__Work instruction__
Write the listing below out again in full, dropping its pictures.

__Supplied information__
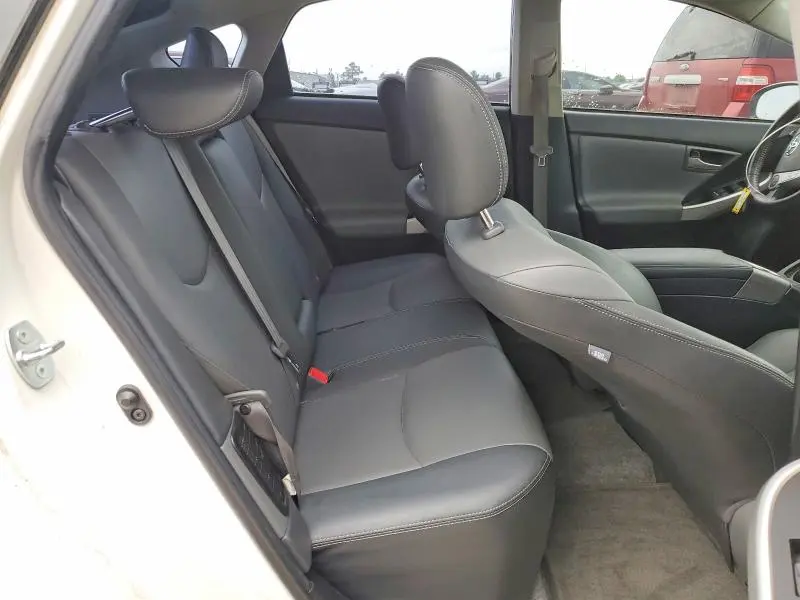 2015 TOYOTA PRIUS FOUR  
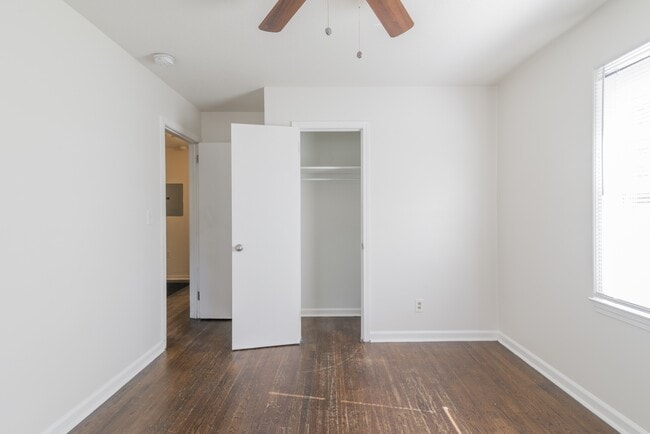 Building Photo - 1024 Houston St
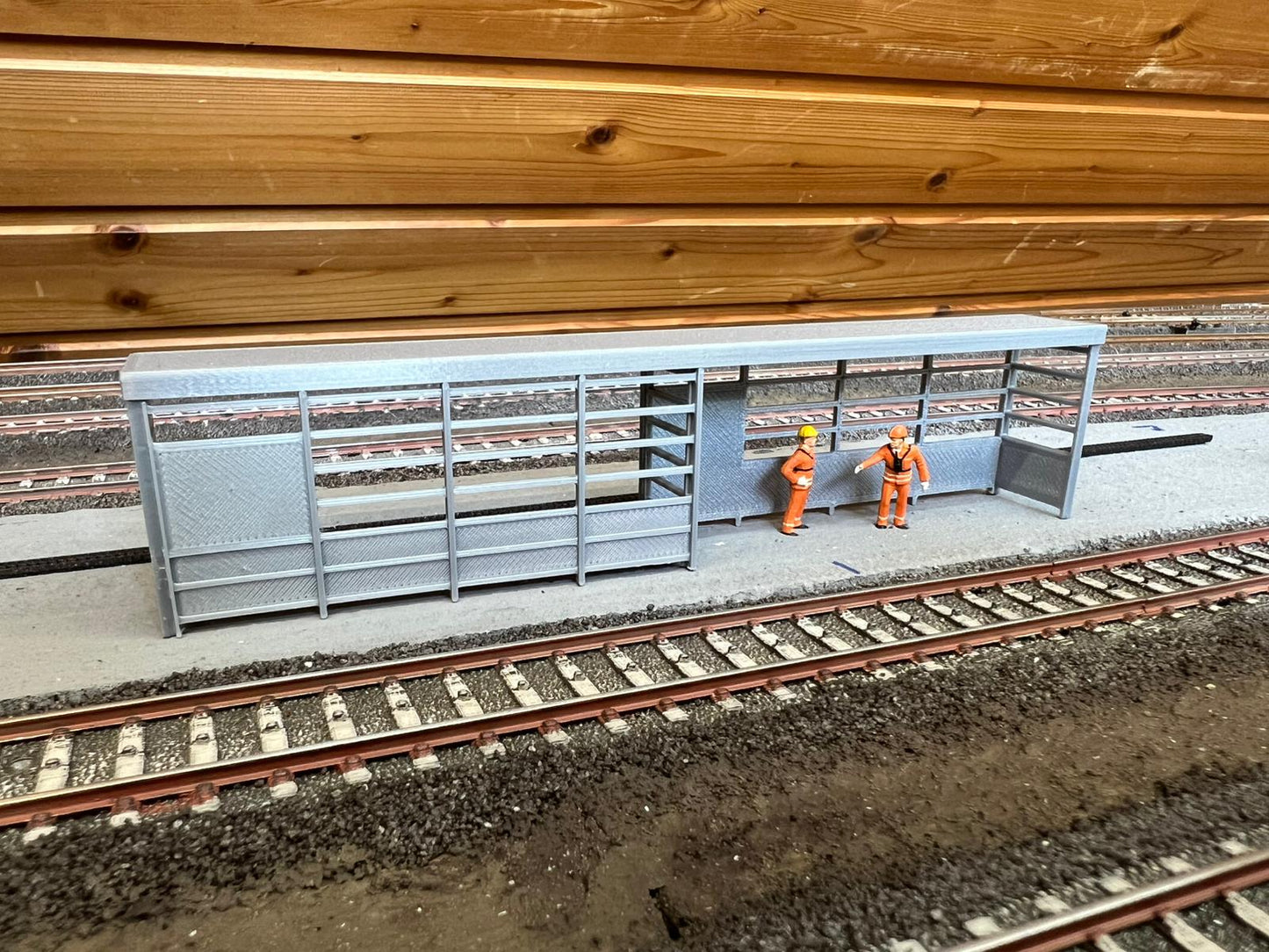 H0 Zubehör - Bahnhofwartehäuschen für den Bahnsteig oder im Bahnhof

__Written answer__
 2015 TOYOTA PRIUS FOUR  
 Building Photo - 1024 Houston St
 H0 Zubehör - Bahnhofwartehäuschen für den Bahnsteig oder im Bahnhof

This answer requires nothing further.